WHAT TO WORK ON
Only the lines from the top of the data through the line containing "NATIONAL INTELLIGENCE MERITORIOUS" should be duplicated, exactly as they appear.

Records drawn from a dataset
────────────────
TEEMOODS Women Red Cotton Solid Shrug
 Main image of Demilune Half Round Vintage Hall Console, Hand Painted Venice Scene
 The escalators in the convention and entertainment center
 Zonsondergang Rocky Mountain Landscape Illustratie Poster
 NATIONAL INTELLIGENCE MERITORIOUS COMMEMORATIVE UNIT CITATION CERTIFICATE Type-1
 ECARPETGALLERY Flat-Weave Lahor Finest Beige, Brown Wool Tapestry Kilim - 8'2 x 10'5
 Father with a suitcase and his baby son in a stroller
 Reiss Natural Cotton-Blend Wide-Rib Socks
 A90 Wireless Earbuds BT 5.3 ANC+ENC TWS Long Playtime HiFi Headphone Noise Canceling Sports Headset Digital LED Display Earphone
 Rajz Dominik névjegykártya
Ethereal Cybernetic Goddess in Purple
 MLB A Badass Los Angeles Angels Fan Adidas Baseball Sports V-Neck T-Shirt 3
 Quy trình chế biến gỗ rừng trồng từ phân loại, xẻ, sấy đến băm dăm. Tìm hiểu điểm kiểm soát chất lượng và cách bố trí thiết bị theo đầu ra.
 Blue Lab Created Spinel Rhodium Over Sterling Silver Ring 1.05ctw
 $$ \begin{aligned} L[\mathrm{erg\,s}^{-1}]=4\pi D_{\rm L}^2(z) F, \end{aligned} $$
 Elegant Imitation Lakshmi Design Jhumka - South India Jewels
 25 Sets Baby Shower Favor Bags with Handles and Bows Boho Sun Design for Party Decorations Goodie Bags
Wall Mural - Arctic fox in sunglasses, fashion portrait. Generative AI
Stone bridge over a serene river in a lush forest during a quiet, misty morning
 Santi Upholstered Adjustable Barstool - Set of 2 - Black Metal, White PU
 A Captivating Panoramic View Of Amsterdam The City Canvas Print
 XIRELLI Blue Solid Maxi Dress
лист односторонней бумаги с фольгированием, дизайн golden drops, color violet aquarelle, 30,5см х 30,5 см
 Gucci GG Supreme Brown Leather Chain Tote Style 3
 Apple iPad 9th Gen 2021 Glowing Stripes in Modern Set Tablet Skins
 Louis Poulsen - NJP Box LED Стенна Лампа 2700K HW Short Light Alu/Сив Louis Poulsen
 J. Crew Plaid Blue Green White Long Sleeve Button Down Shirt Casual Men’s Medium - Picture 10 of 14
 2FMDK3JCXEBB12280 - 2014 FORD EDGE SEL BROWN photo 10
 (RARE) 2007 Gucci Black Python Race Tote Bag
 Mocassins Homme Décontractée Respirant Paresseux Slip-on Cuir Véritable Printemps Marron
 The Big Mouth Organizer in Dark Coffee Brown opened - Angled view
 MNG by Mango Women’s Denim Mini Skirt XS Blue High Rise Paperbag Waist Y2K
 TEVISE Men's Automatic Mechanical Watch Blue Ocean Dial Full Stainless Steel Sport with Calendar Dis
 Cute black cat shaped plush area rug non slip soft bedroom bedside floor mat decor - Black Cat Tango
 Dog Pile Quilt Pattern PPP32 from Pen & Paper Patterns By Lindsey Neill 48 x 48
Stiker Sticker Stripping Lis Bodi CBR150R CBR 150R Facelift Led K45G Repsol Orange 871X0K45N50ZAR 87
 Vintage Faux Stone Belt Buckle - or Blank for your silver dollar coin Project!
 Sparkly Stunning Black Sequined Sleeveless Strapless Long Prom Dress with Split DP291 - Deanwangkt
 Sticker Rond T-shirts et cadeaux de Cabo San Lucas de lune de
────────────────
OUTPUT OF THE EXERCISE
TEEMOODS Women Red Cotton Solid Shrug
 Main image of Demilune Half Round Vintage Hall Console, Hand Painted Venice Scene
 The escalators in the convention and entertainment center
 Zonsondergang Rocky Mountain Landscape Illustratie Poster
 NATIONAL INTELLIGENCE MERITORIOUS COMMEMORATIVE UNIT CITATION CERTIFICATE Type-1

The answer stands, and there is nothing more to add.